WHAT THE EXERCISE ASKS: Exactly as they appear below, repeat the lines from the one with "Detroit Pistons Official" through the one with "Planet Gates UGREEN", and no others.
-- RECORD SET follows --
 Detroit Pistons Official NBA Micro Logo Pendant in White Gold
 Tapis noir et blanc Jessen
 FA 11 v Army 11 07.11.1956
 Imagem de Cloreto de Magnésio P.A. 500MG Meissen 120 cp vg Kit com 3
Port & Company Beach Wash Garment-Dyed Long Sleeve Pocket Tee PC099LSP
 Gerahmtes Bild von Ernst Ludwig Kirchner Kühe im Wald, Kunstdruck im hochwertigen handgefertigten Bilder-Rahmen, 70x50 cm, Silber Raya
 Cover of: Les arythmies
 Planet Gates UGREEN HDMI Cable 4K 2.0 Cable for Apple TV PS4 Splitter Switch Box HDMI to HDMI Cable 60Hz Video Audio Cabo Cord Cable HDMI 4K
-- RECORD SET concluded --
-- RECORD SET follows --
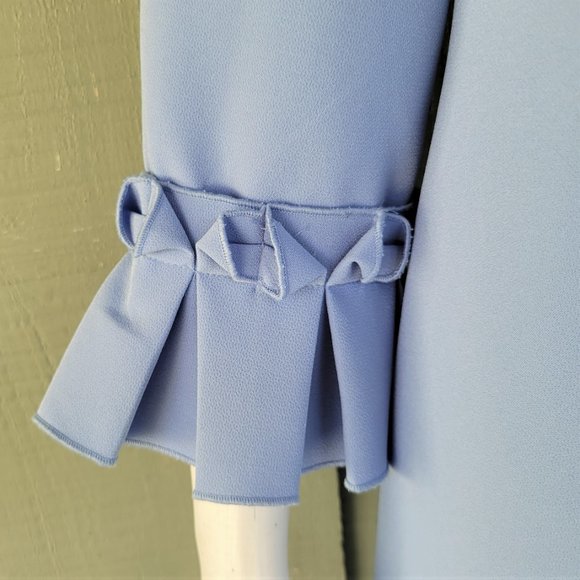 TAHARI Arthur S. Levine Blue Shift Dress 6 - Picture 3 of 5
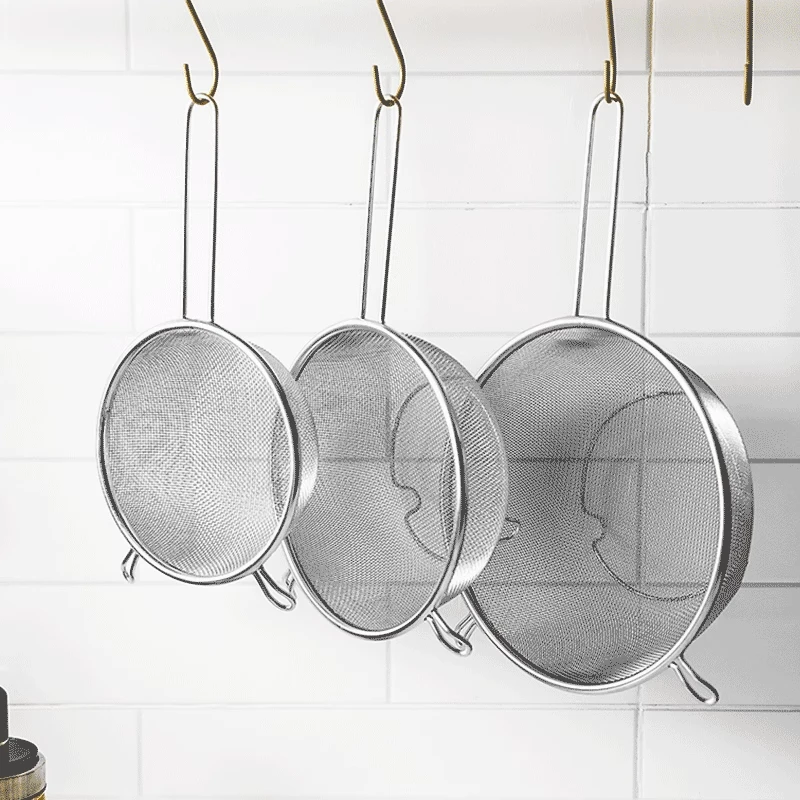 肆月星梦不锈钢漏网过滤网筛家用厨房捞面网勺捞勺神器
-- RECORD SET concluded --
-- RECORD SET follows --
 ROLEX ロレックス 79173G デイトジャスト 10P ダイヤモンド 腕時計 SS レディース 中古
-- RECORD SET concluded --
ANSWER FOR THIS EXERCISE:
 Detroit Pistons Official NBA Micro Logo Pendant in White Gold
 Tapis noir et blanc Jessen
 FA 11 v Army 11 07.11.1956
 Imagem de Cloreto de Magnésio P.A. 500MG Meissen 120 cp vg Kit com 3
Port & Company Beach Wash Garment-Dyed Long Sleeve Pocket Tee PC099LSP
 Gerahmtes Bild von Ernst Ludwig Kirchner Kühe im Wald, Kunstdruck im hochwertigen handgefertigten Bilder-Rahmen, 70x50 cm, Silber Raya
 Cover of: Les arythmies
 Planet Gates UGREEN HDMI Cable 4K 2.0 Cable for Apple TV PS4 Splitter Switch Box HDMI to HDMI Cable 60Hz Video Audio Cabo Cord Cable HDMI 4K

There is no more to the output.